▶ _Assignment_
From the line that holds "Installation Guide Brown" to the end of the records, reproduce every line exactly. No pictures.
*** Opening Supplied records ***
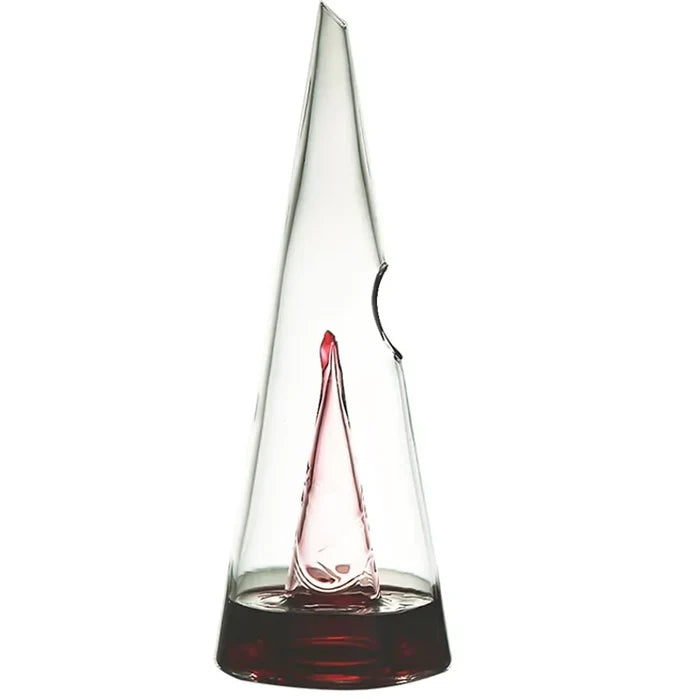 Transparent Wine Decanter Rieworkes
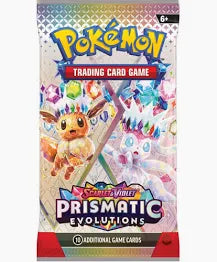 Pokémon TCG: Prismatic Evolutions Booster Pack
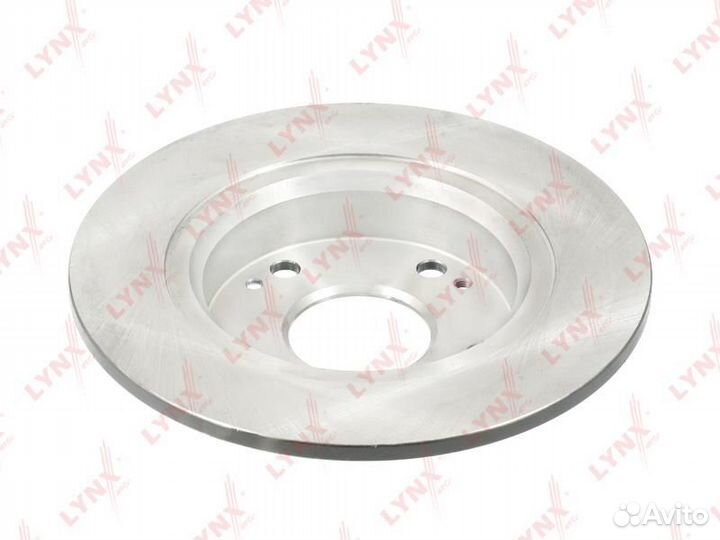 Диск тормозной зад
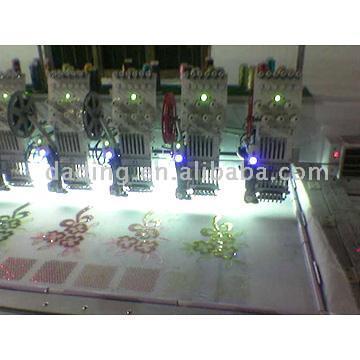 Computerized Sequin Embroidery Machine (Computerized Sequin machine à broder)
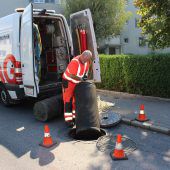 Kanalnetz in Lochau wird überprüft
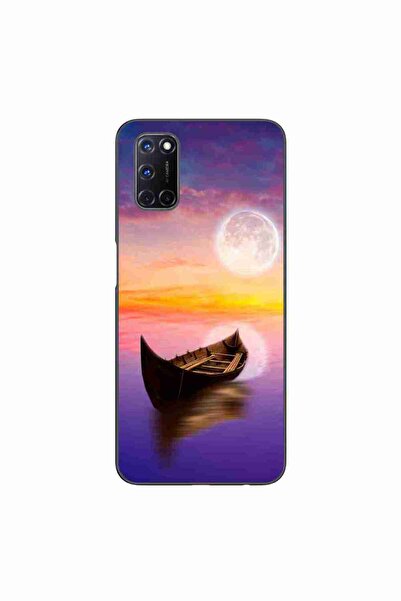 OEM Husa compatibila cu Oppo A72 Silicon Gel Tpu Model Moonlit Serenity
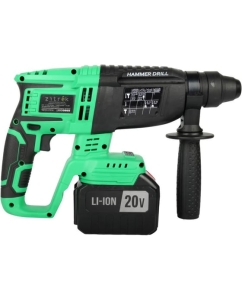 Купить Перфоратор аккумуляторный Zitrek ZKCH20 PRO (20В, Li-ion 2x6.0Ач, з/у, кейс) 083-1060  в E-mobi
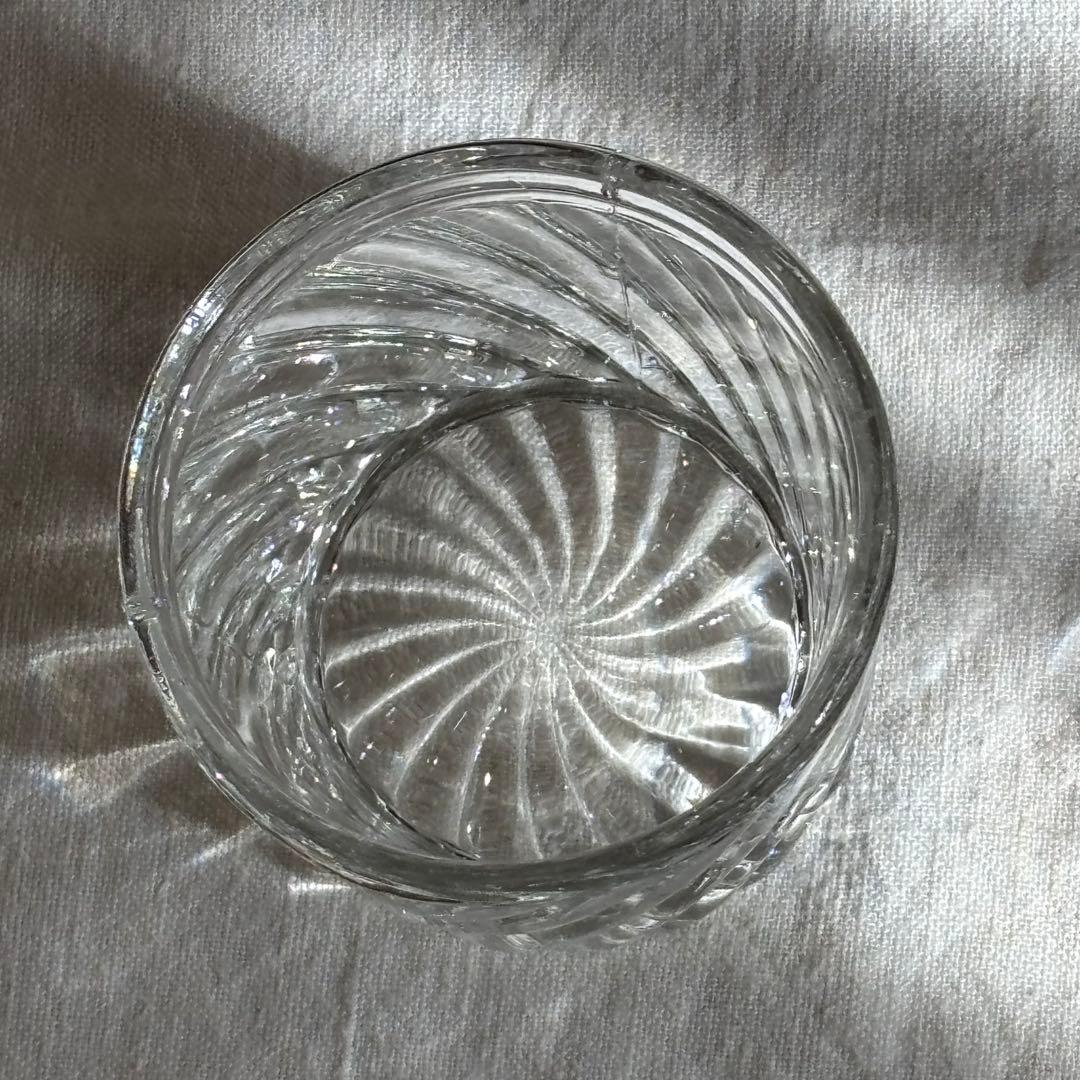 フランスアンティーク コンフィチュールポット ジャムポット ツイスト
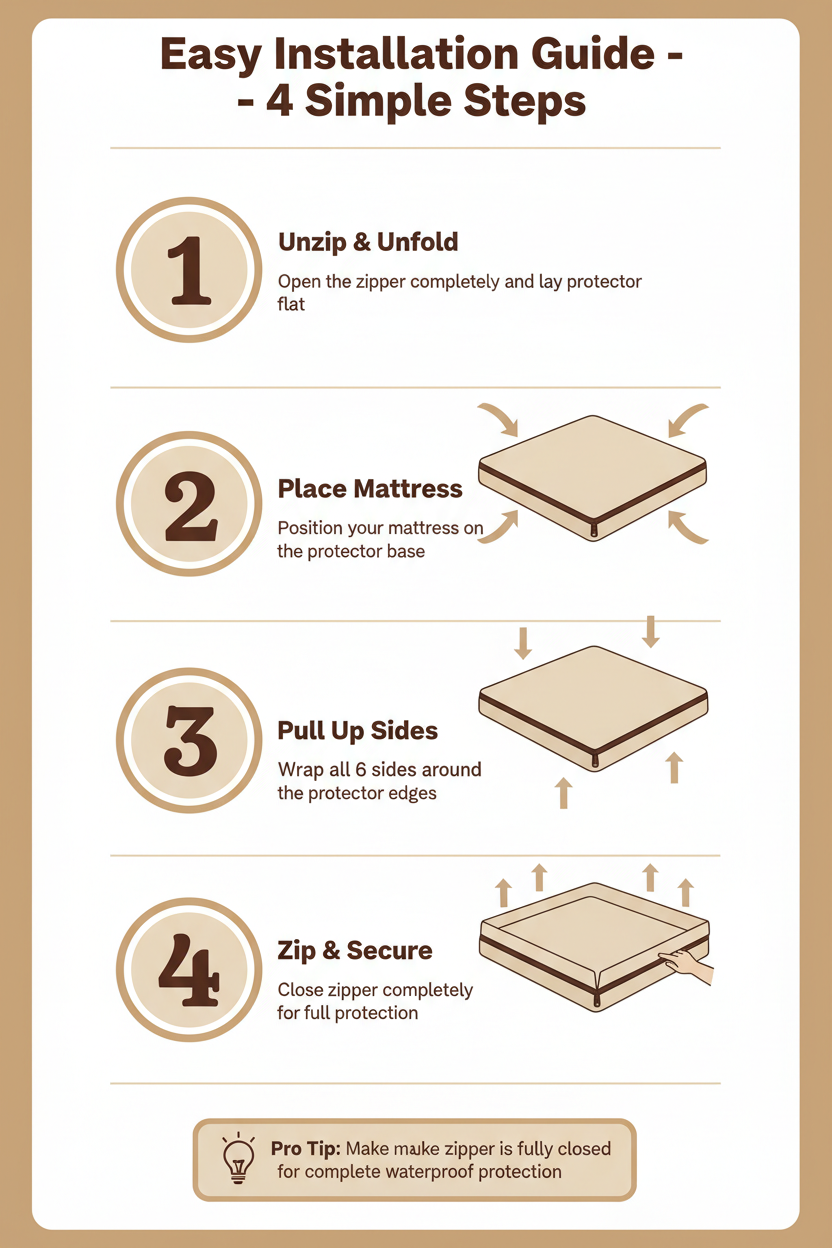 Installation Guide Brown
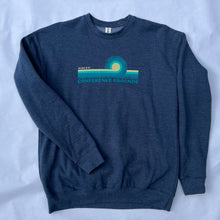 Load image into Gallery viewer, Retro Conference Grounds (adult crewneck)

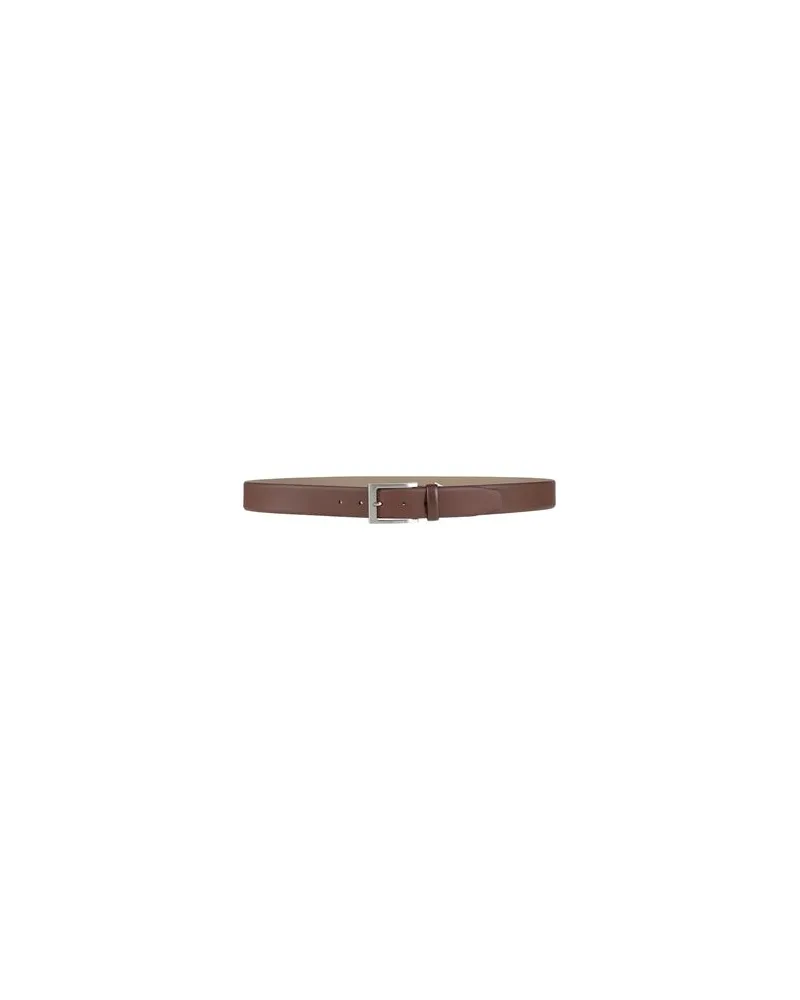 HUGO BOSS Kleinlederwaren - Gürtelauf YOOX.COM Braun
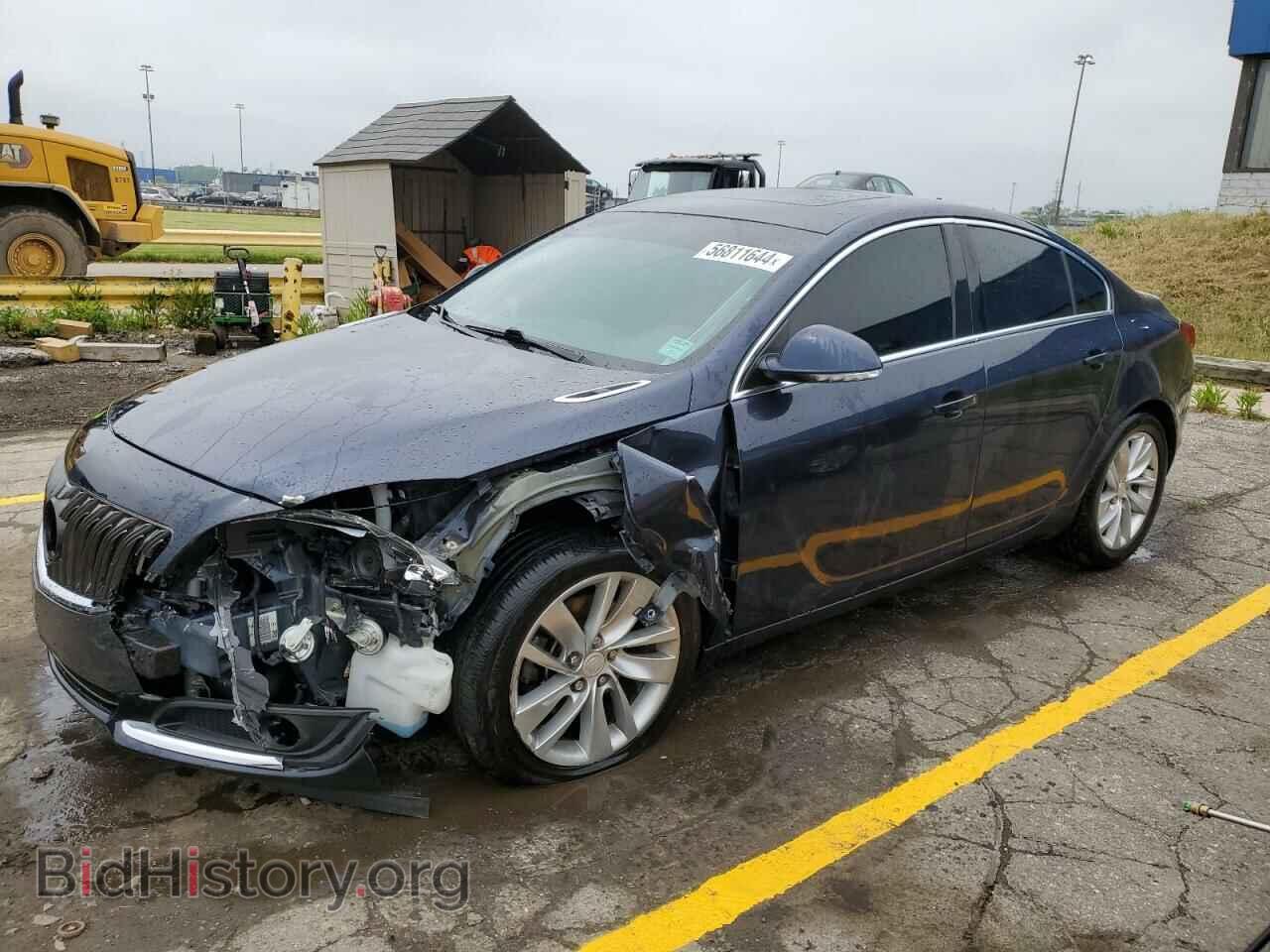 Photo 2G4GK5EX8E9259131 - BUICK REGAL 2014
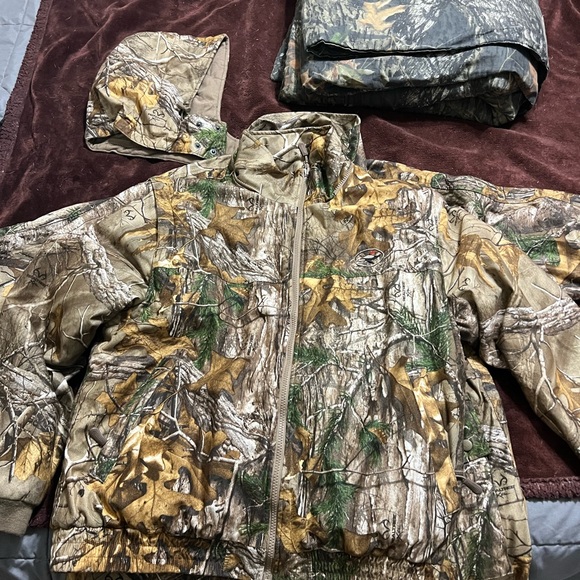 Redhead 3 in 1 hunting parka - Picture 4 of 4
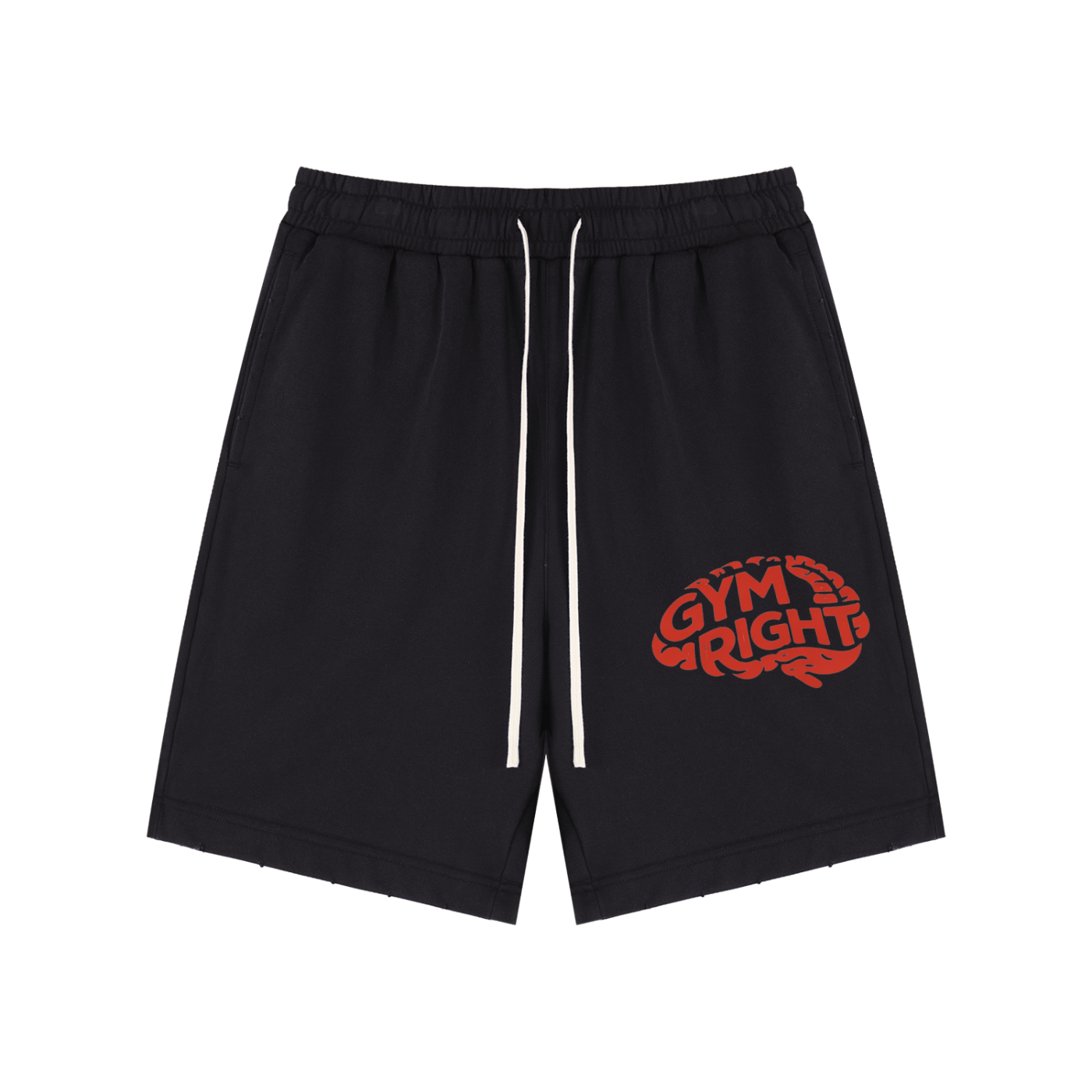 Unisex Drawstring Shorts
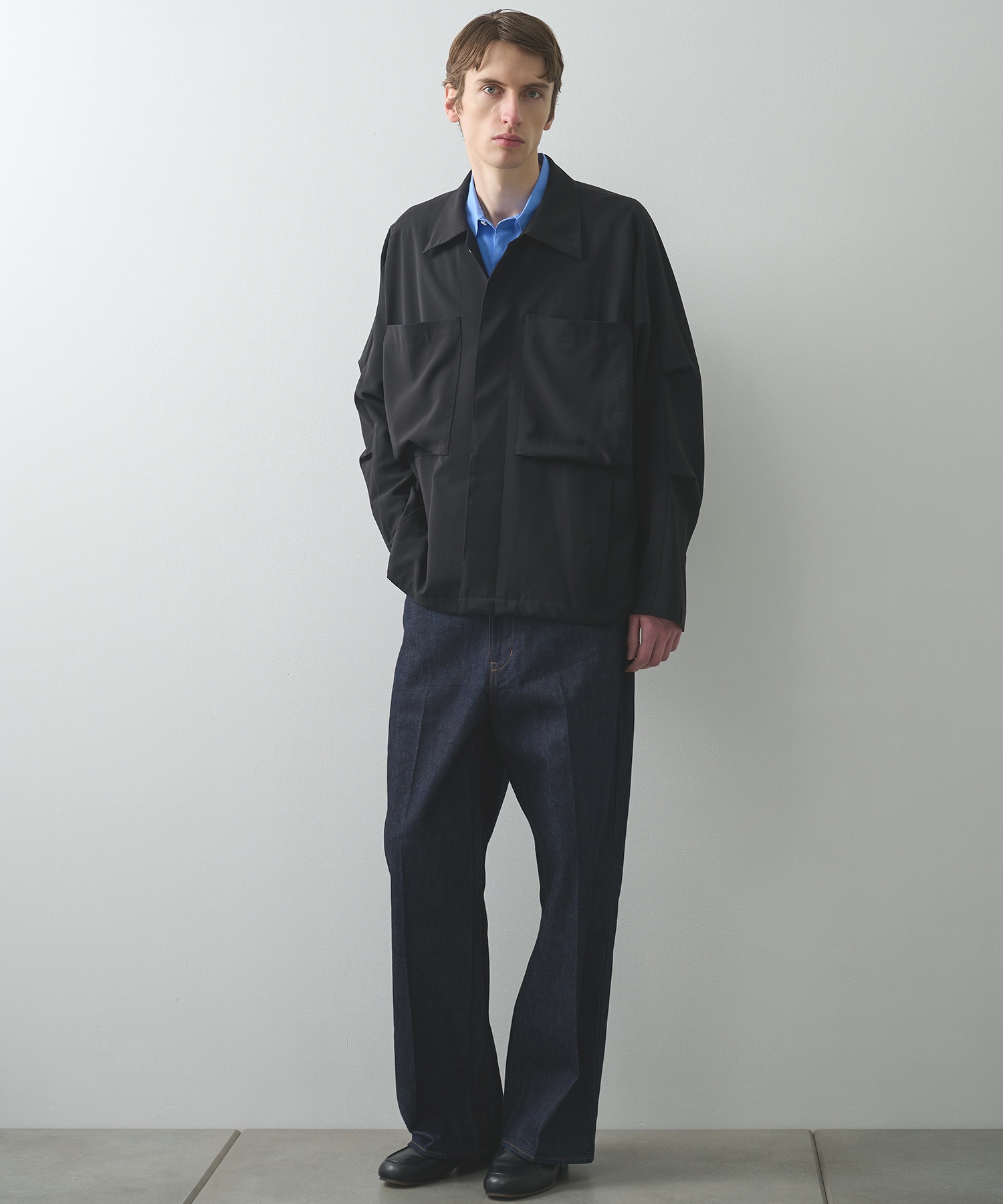 別注 SHIRT BLOUSON N.HOOLYWOOD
*** Closing Supplied records ***
▶ _Result below_
 Installation Guide Brown
 Load image into Gallery viewer, Retro Conference Grounds (adult crewneck)

 HUGO BOSS Kleinlederwaren - Gürtelauf YOOX.COM Braun
 Photo 2G4GK5EX8E9259131 - BUICK REGAL 2014
 Redhead 3 in 1 hunting parka - Picture 4 of 4
 Unisex Drawstring Shorts
 別注 SHIRT BLOUSON N.HOOLYWOOD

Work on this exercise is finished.